With the exception of the pictures, transcribe the entire listing exactly.

### DATASET EXCERPT
----

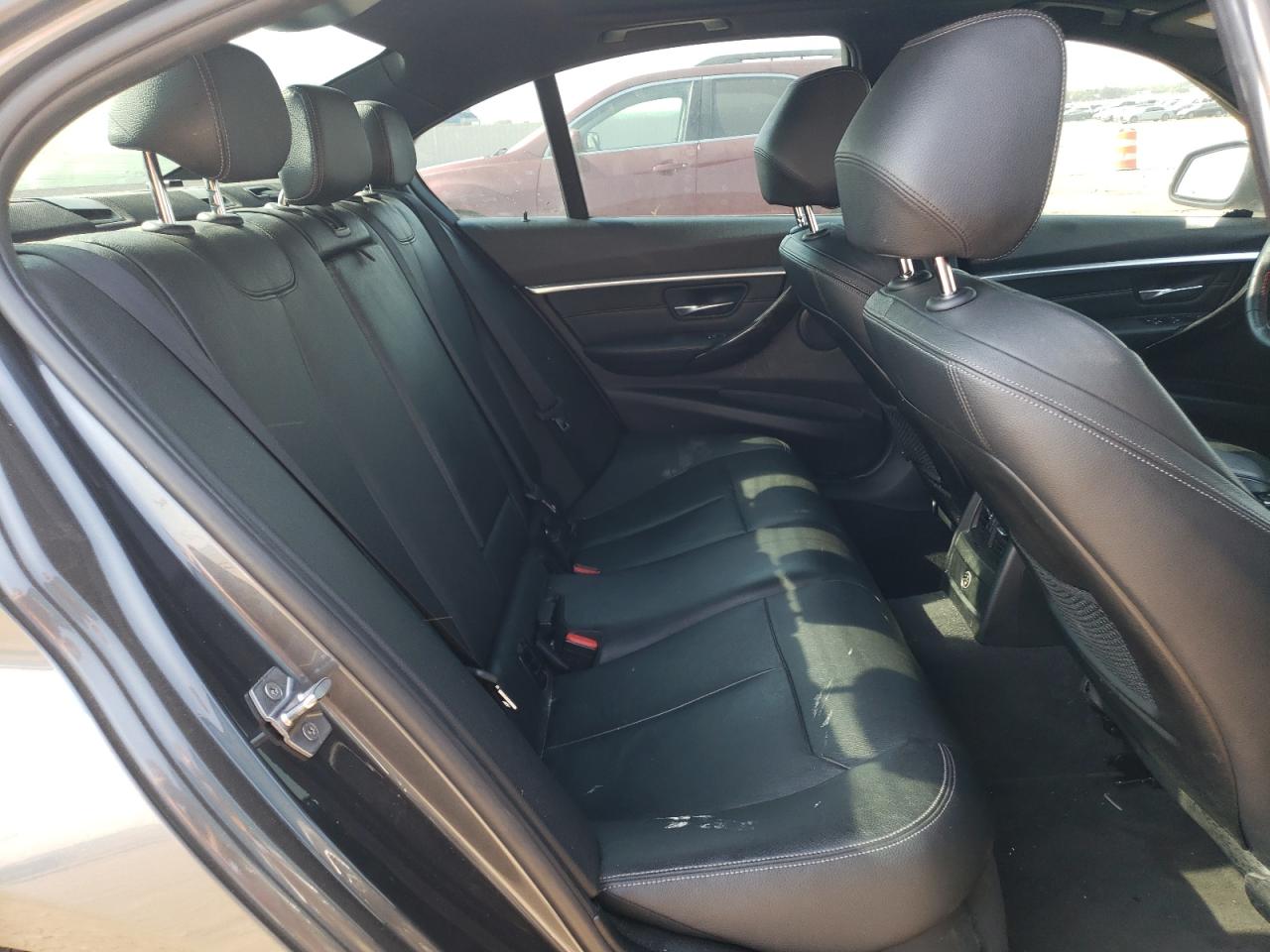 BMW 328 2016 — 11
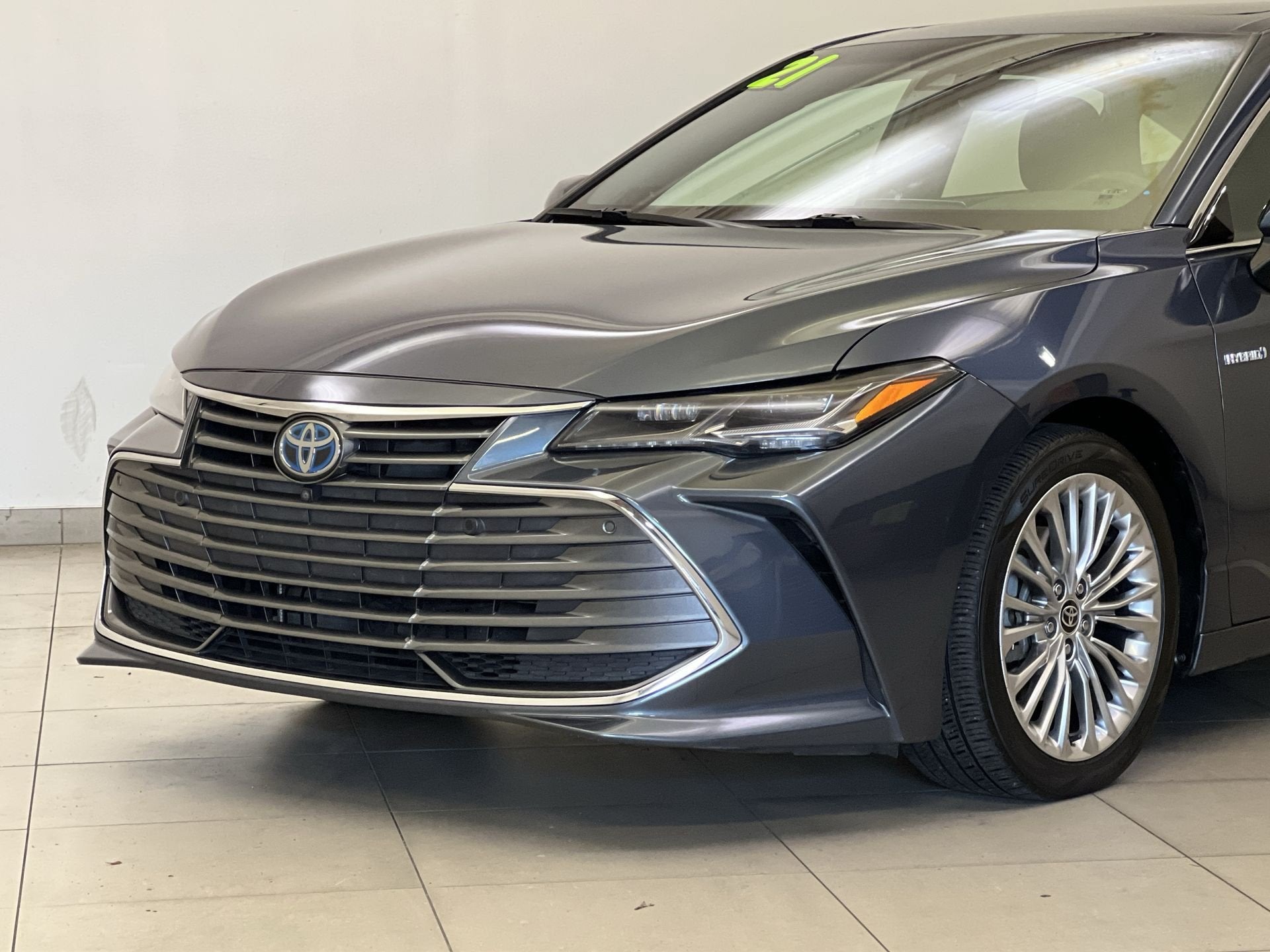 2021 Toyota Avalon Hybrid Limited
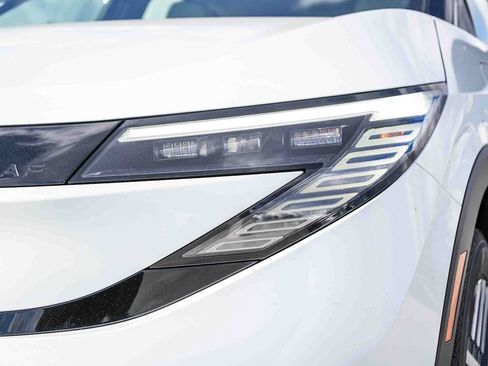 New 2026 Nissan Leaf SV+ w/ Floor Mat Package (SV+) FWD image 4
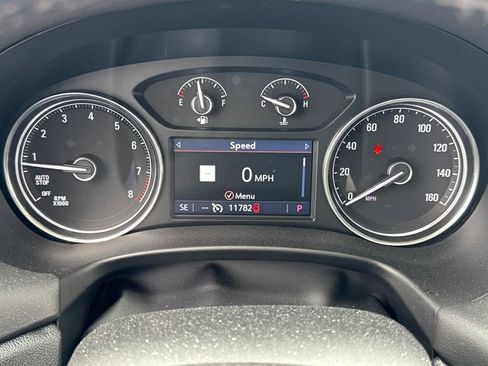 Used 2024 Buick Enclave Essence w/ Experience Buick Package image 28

----

### EXERCISE ANSWER
 BMW 328 2016 — 11
 2021 Toyota Avalon Hybrid Limited
 New 2026 Nissan Leaf SV+ w/ Floor Mat Package (SV+) FWD image 4
 Used 2024 Buick Enclave Essence w/ Experience Buick Package image 28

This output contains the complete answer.